Ingredients per serving
Prepare the Chile Paste
-
Chiles, ancho, dried 3.0 each
-
Dried New Mexico chilies 5.0 each
-
Dried guajillo chilies 3.0 each
-
White wine vinegar 30.0 ml
Prepare the Meat Rub
-
Salt 6.0 g
-
Black pepper, ground 3.0 g
-
Cloves, ground 0.7 g
-
Dried mexican oregano 1.5 g
-
Cumin, ground 1.3 g
-
Cinnamon, ground 1.0 g
-
Thyme leaves, fresh 1.2 g
-
Chicken, whole, bone in, skin on, 1.57 kg (can be in parts) 1.0 each
Cook the Meat
-
Bay leaves 2.0 each
-
Onion, coarsely chopped 1.0 each
-
Garlic, finely diced 6.0 cloves
To Serve
-
Limes, cut into wedges, for garnish 2.0 each
-
Avocado, mashed 4.0 each
-
Cilantro, chopped, for garnish 50.0 g
Preparation
-
Prepare the Chile Paste
- Toast the chiles on a hot griddle or skillet over medium heat until browned, not burned.

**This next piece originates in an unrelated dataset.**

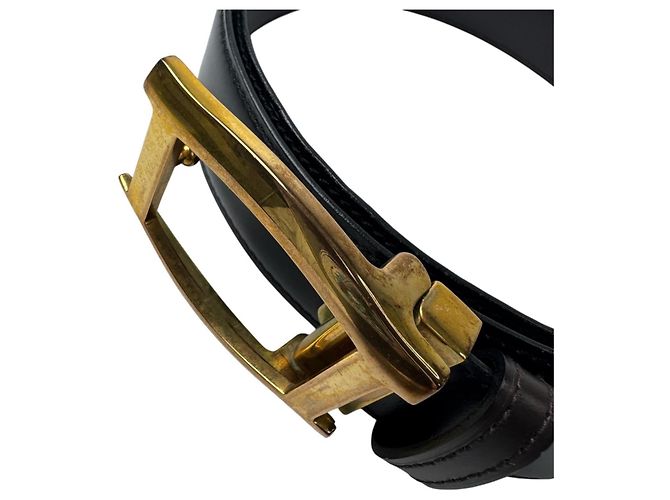Cartier Vintage Ledergürtel Schwarz - Ansicht 11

- Remove the seeds and veins, then place the chiles in a bowl and cover them with hot water for 15 to 20 minutes until rehydrated. Reserve 500 ml of chile rehydration water.
- Process chiles, water, vinegar and Knorr® Professional Liquid Concentrated Chicken Flavor Base in a blender to make a smooth paste.
-
Prepare the Meat Rub
- In a small bowl, mix the salt, pepper, cloves, oregano, cumin, cinnamon, thyme andStafford® BLUE LABEL Chicken Broth Base together.
- Rub the meat well with the mixture. Coat the meat with half the chili paste (70g).
- Cover loosely with plastic wrap and let it marinate overnight in the refrigerator.
-
Cook the Meat
- Add the coarsely chopped onion, bay leaves, and diced garlic to a roasting pan.
- Add the chicken and remaining chile paste to the roasting pan, cover tightly with foil, and bake for 2 hours at 175°C
- Remove the chicken from the oven.
-
To Serve
- Pull the chicken meat off the bone. Mix shredded chicken with the cooking sauce and serve in tacos or tostadas garnished with cilantro, lime and mashed avocado.